* _DATA_:
====================

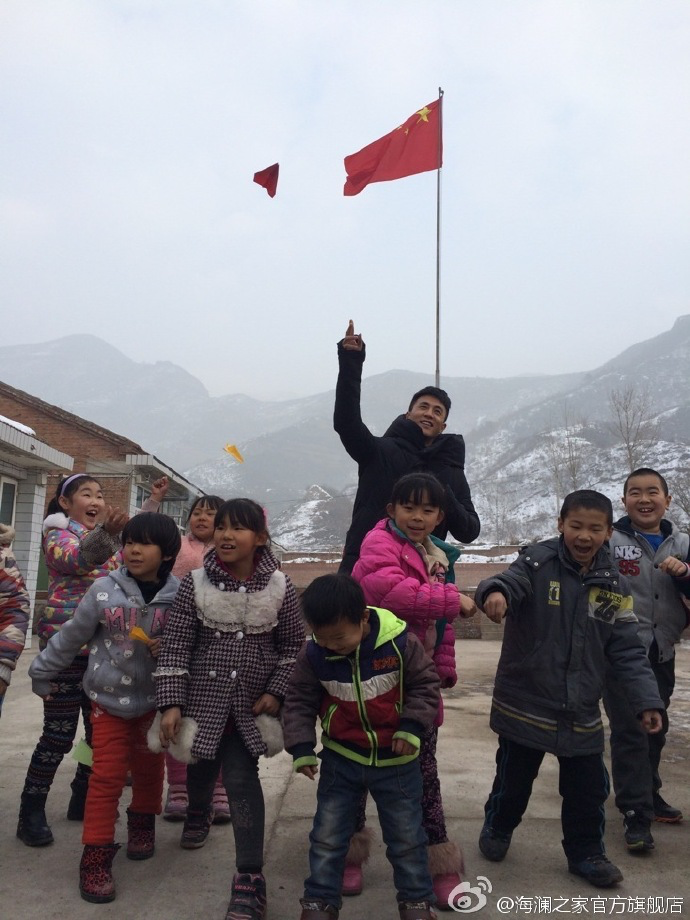 2015年&ldquo;多一克溫暖&rdquo;著名演員杜淳加入溫暖行動(dòng)。暖男杜淳很快和孩子們打成了一片，他和孩子們聊起了夢(mèng)想，讓孩子們將它寫(xiě)在紙上并折成紙飛機(jī)，領(lǐng)著孩子們來(lái)到操場(chǎng)上將帶著夢(mèng)想紙飛機(jī)放飛。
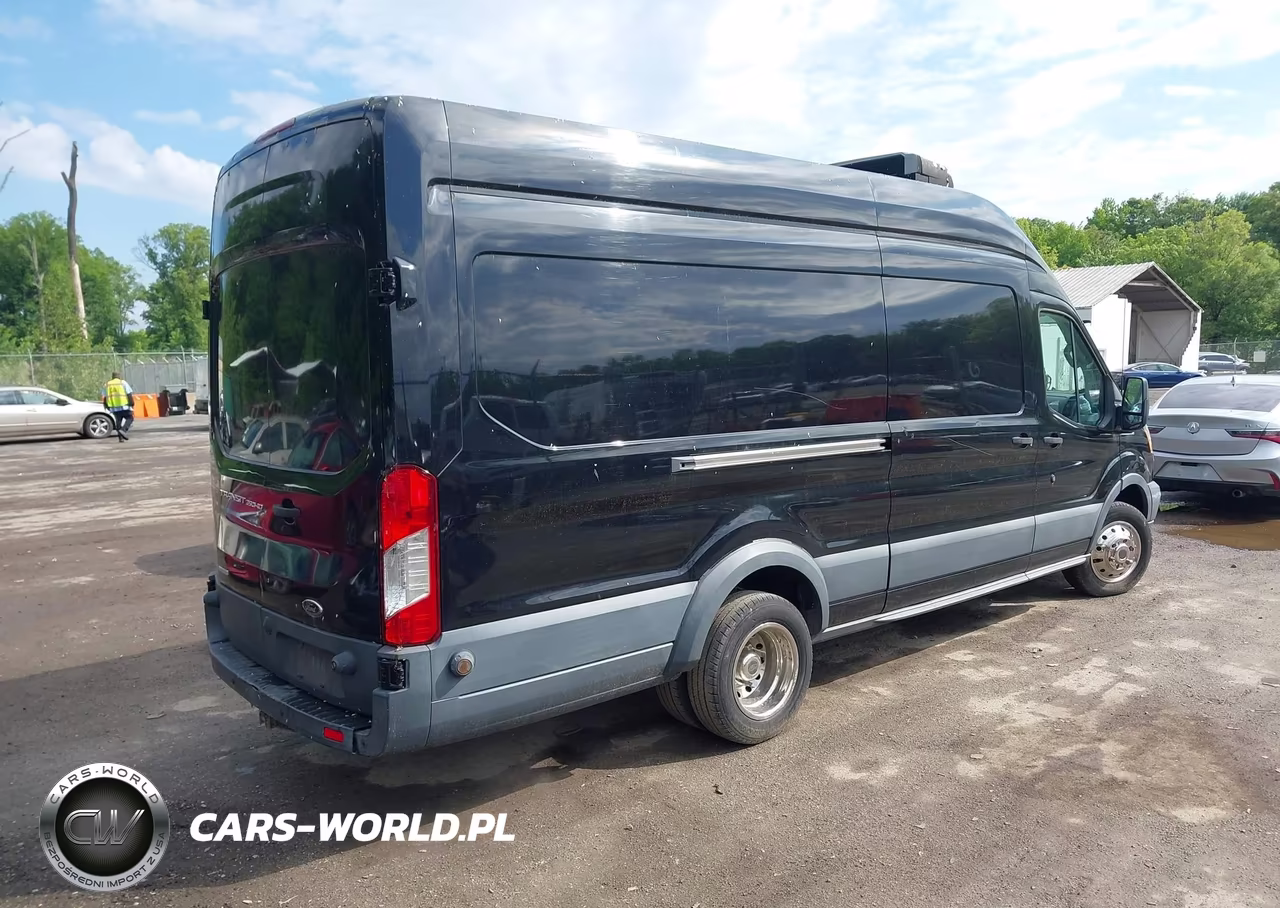 2016 Ford Transit-350 VIN:1FTBF4XG6GKB30557 - 4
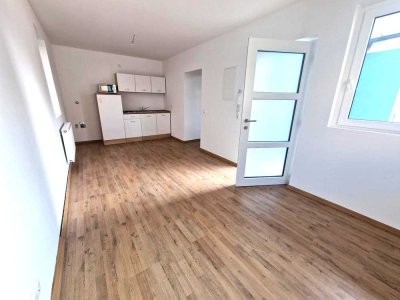 Neu renovierte 2-Zimmer-Wohnung mit Einbauküche Whg. Nr. 1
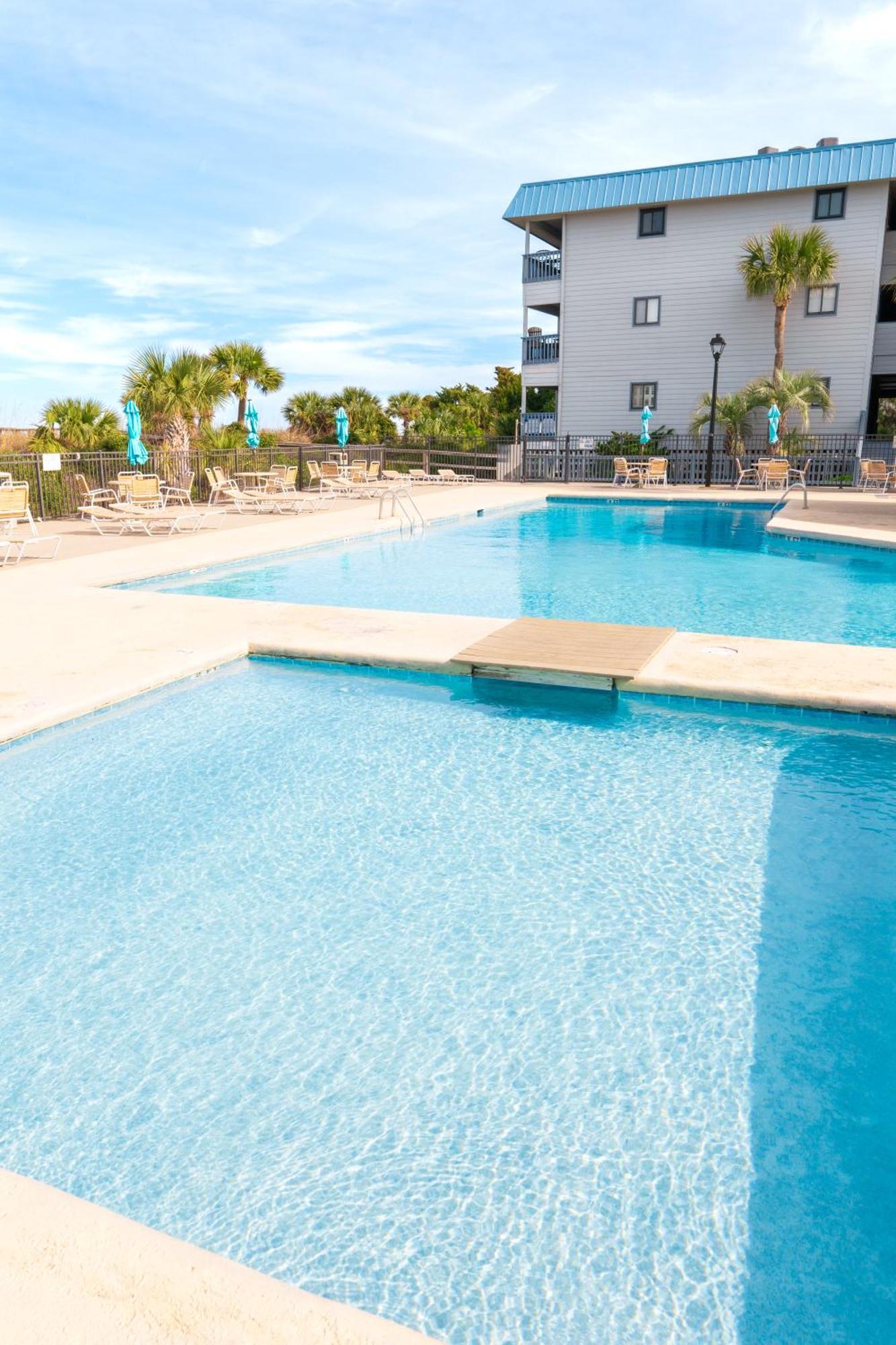 Private Balcony - Beach - Pool And Pickleball Tybee Island Exterior photo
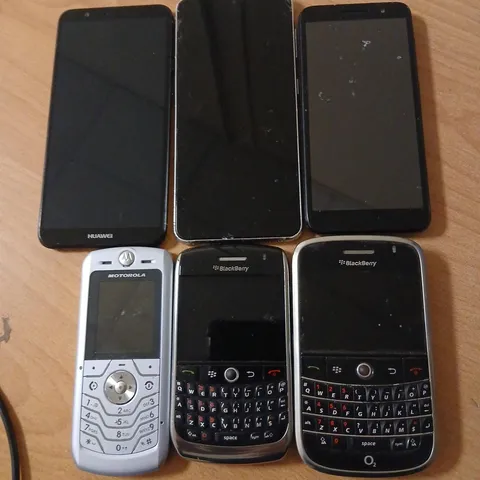 SIX ASSORTED MOBILE PHONES TO INCLUDE; HUAWEI, MOTOROLA AND BLACKBERRY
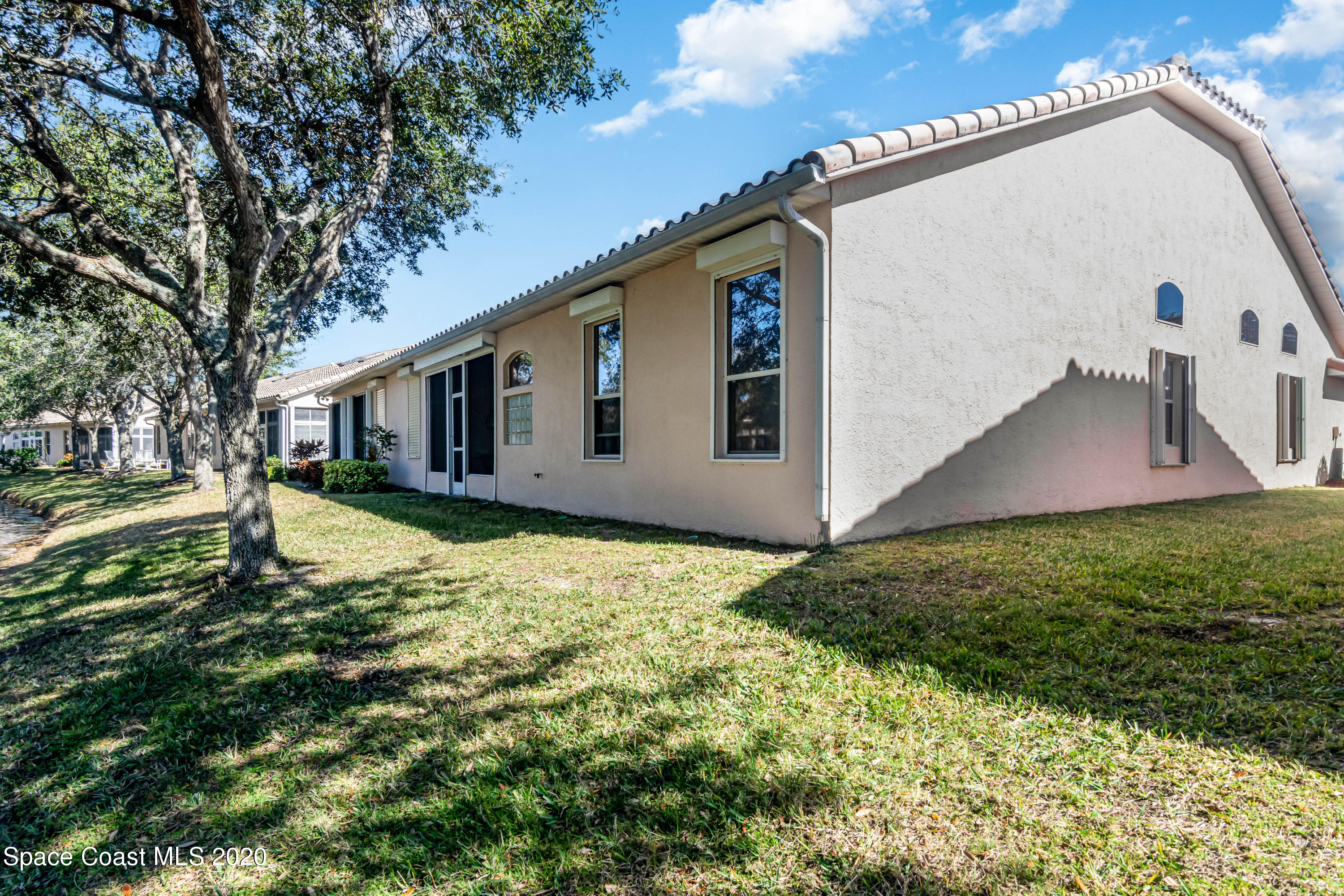 421 Shell Cove Drive Melbourne, FL 32940 - Photo 5 of 23 a backyard of a house with lots of green space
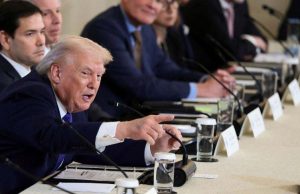 IL REÇOIT LES MAJORS PÉTROLIERES AMÉRICAINES À PROPOS « D’INVESTISSEMENTS » AU VENEZUELA : Trump confirme ses intentions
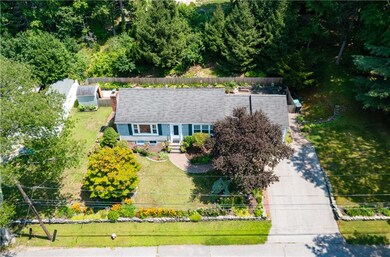 86 Carlton Ave, Warwick, RI 02889 - photo 2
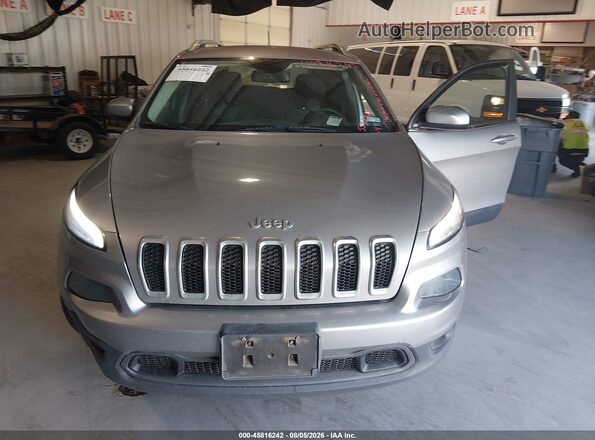 1C4PJMCB2JD559284 2018 JEEP CHEROKEE Gray Вид спереду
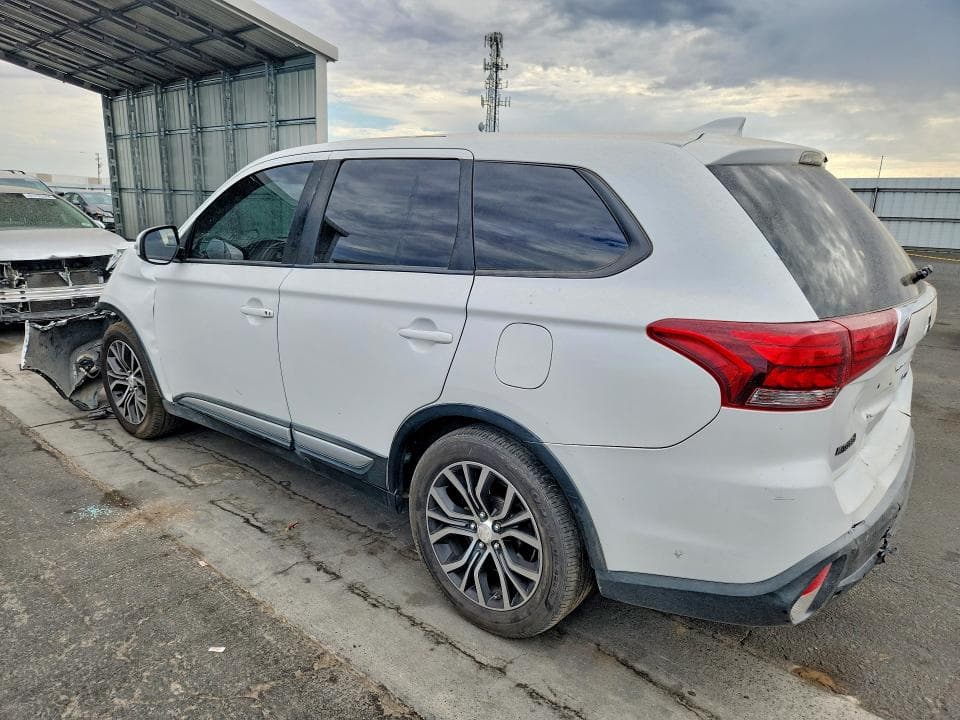 2017 MITSUBISHI OUTLANDER SE/SEL 2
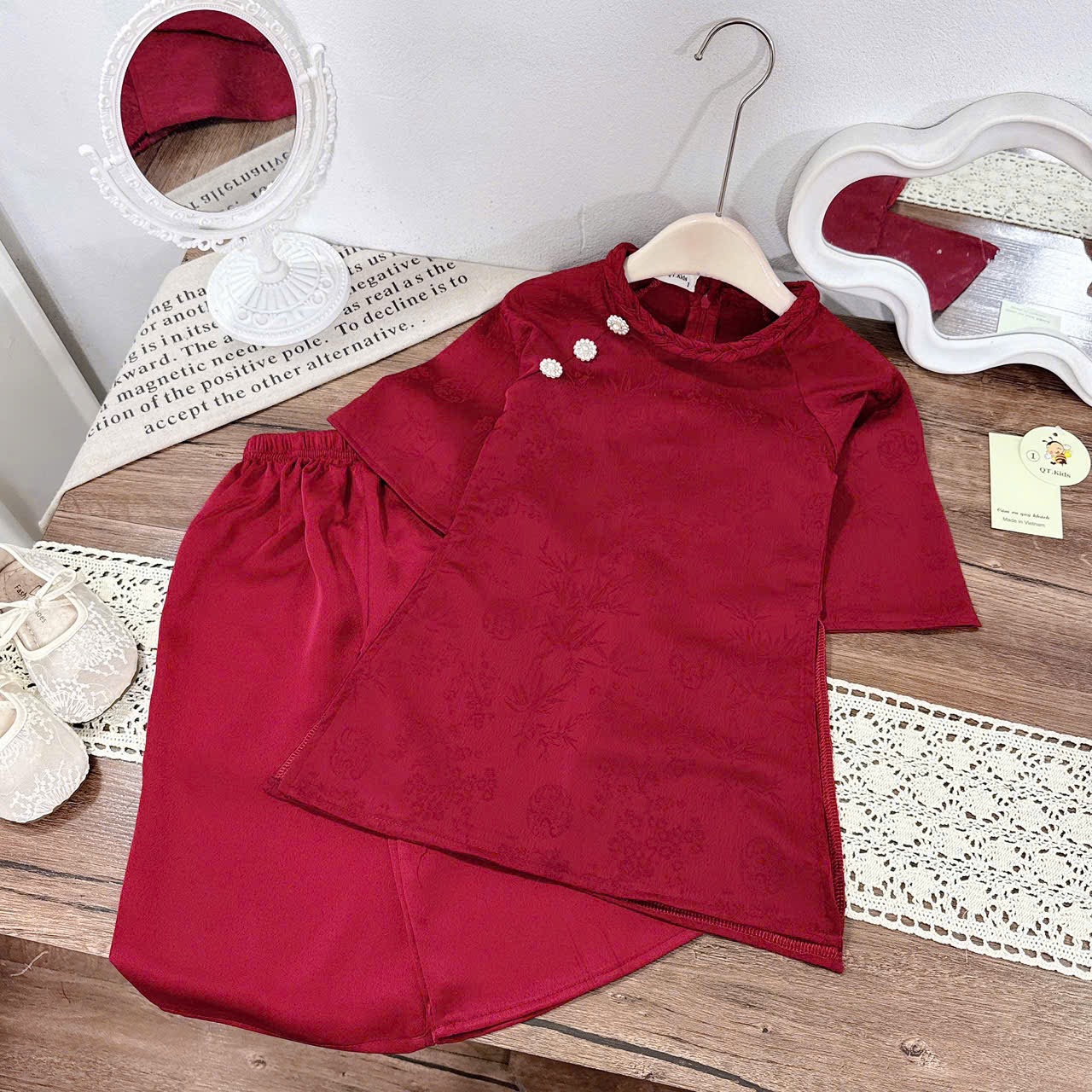 Thời trang bé gái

====================

* _WHAT THIS TASK INVOLVES_: What you give back should be exactly the lines from the line holding "421 Shell Cove" through the final line of the material, both ends included, and please leave out the pictures.

* _EXPECTED ANSWER_:
 421 Shell Cove Drive Melbourne, FL 32940 - Photo 5 of 23 a backyard of a house with lots of green space
 IL REÇOIT LES MAJORS PÉTROLIERES AMÉRICAINES À PROPOS « D’INVESTISSEMENTS » AU VENEZUELA : Trump confirme ses intentions
 86 Carlton Ave, Warwick, RI 02889 - photo 2
 1C4PJMCB2JD559284 2018 JEEP CHEROKEE Gray Вид спереду
 2017 MITSUBISHI OUTLANDER SE/SEL 2
 Thời trang bé gái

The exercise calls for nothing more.